**RAW DATA**.
=== Begin Enclosure ===

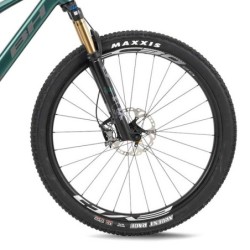 Bicicleta Eléctrica BH ILYNX Race Carbon Pro 7.9 Verde Gris - ¡Explora Ahora!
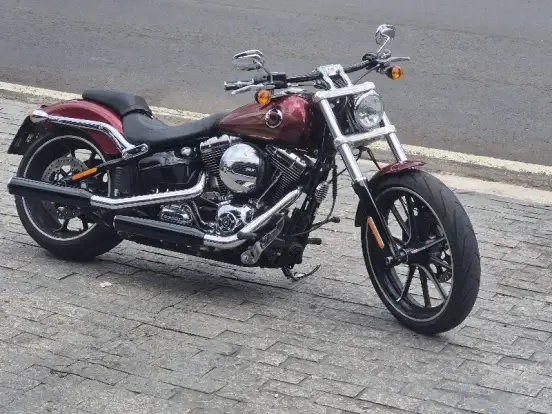 HARLEY-DAVIDSON-SOFTAIL BREAKOUT HARLEY-DAVIDSON-SOFTAIL BREAKOUT-2015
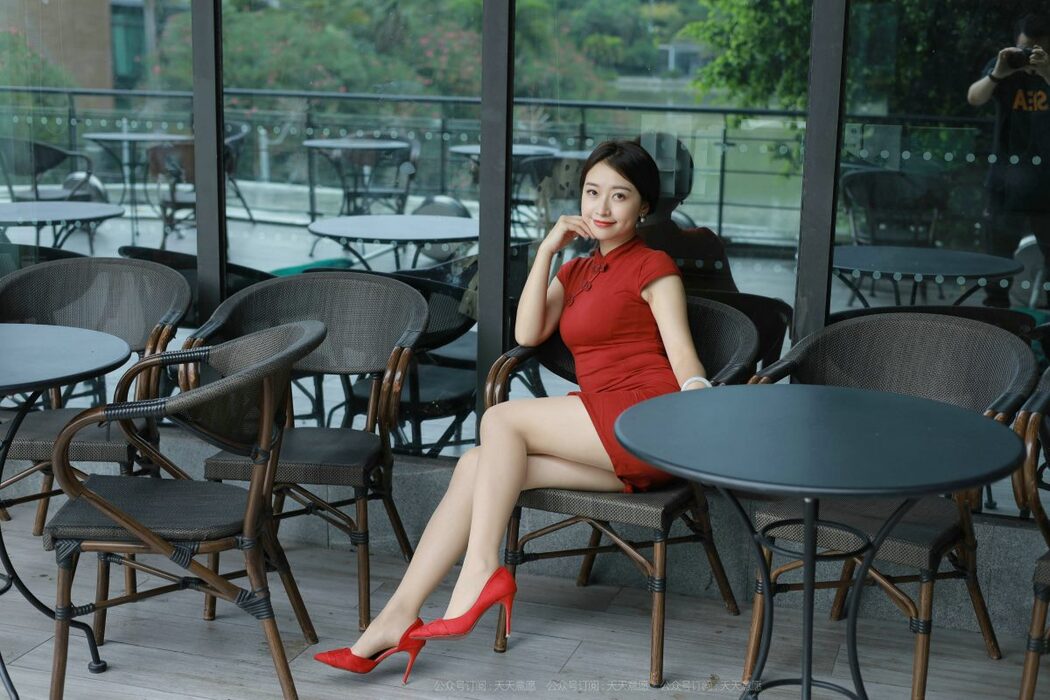 IESS异思趣向 No.948 Xiao Jie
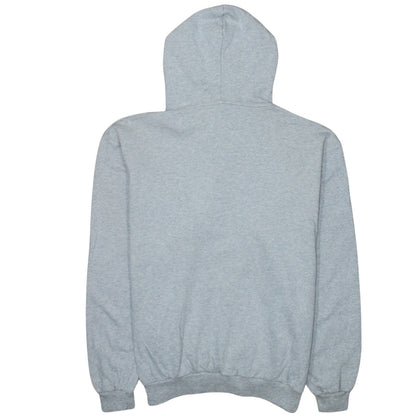 Mens UK Size XL adidas Grey Pullover Hoodie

=== End Enclosure ===

**WHAT IS EXPECTED**. Exact reproduction is required for the lines from the one containing "IESS异思趣向 No.948 Xiao Jie" through the end of the material, and for those lines only, without pictures.

**SOLUTION FOR THIS PROBLEM**.
 IESS异思趣向 No.948 Xiao Jie
 Mens UK Size XL adidas Grey Pullover Hoodie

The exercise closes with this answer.